In the event.log, I have:

2020-02-24 17:15:08.156 [vent.ItemStateChangedEvent] - PVPowerGS2 changed from 18.0 to 3.0
2020-02-24 17:15:08.167 [vent.ItemStateChangedEvent] - PVPowerGS1 changed from 9.93744 to 1.65624
2020-02-24 17:15:08.171 [GroupItemStateChangedEvent] - PVPower changed from 27.93744 to 4.65624 through PVPowerGS1
...
2020-02-24 17:40:07.265 [vent.ItemStateChangedEvent] - PVPowerGS2 changed from 15.0 to 6.0
2020-02-24 17:40:07.274 [GroupItemStateChangedEvent] - PVPower changed from 14.2812 to 9.31248 through PVPowerGS1
2020-02-24 17:40:07.279 [vent.ItemStateChangedEvent] - PVPowerGS1 changed from 8.2812 to 3.31248
...
2020-02-24 17:45:06.831 [vent.ItemStateChangedEvent] - PVPowerGS2 changed from 6.0 to 0.0
2020-02-24 17:45:06.837 [GroupItemStateChangedEvent] - PVPower changed from 9.31248 to 3.31248 through PVPowerGS2
2020-02-24 17:45:06.841 [GroupItemStateChangedEvent] - PVPower changed from 3.31248 to 0.0 through PVPowerGS1
2020-02-24 17:45:06.844 [vent.ItemStateChangedEvent] - PVPowerGS1 changed from 3.31248 to 0.0

And later, after a restart of openHAB, restoreOnStartup from mapdb kicking in:

2020-02-24 23:10:40.474 [vent.ItemStateChangedEvent] - PVPowerGS2 changed from NULL to 0.0
2020-02-24 23:10:40.515 [vent.ItemStateChangedEvent] - PVPowerGS1 changed from NULL to 0.0

And later in the morning, first readings above 0, but no sum being made anymore from then on:

2020-02-25 08:00:07.143 [vent.ItemStateChangedEvent] - PVPowerGS2 changed from 0.0 to 30.0
2020-02-25 08:00:07.149 [vent.ItemStateChangedEvent] - PVPowerGS1 changed from 0.0 to 16.5624

Just before the restart, I did some maintenance in other areas of openHAB. I did not touch the items above or the persistence definitions.
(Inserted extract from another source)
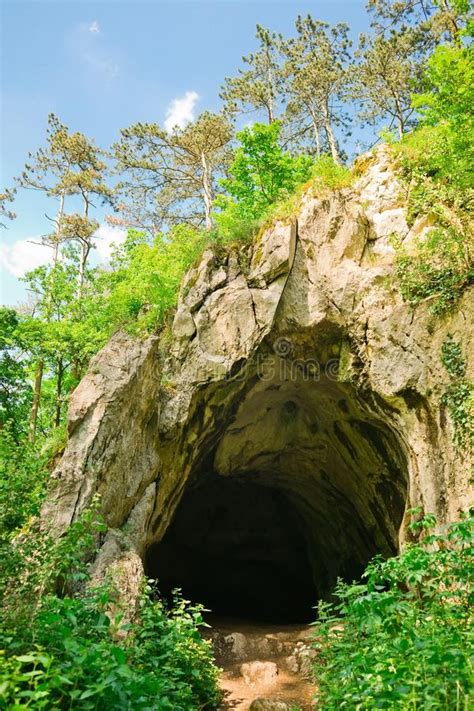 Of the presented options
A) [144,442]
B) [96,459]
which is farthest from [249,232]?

So in summary, the Group SUM is not working after a reboot.

It sounds rather like one of those horrid race conditions OH seems prone to when initially loading.
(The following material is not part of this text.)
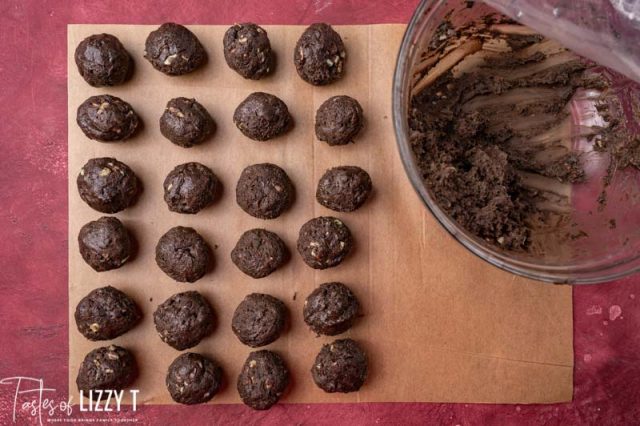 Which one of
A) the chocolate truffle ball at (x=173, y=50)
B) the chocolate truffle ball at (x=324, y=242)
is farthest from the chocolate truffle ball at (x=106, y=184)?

Assuming the REST API output is taken during the “fault” situation, I can’t think of any other info to be gleaned,

If you had Items files I would bet a touch would fix … as you’re working with PaperUI, I would try a harmless edit of Group Item label or suchlike to see if it will relink.

I think the same. I hate having these unpredictable and difficult to analyze issues.
I just did an update to OH 2.5.2, a reboot of my Raspberry, and the issue is gone. It is adding up correctly again.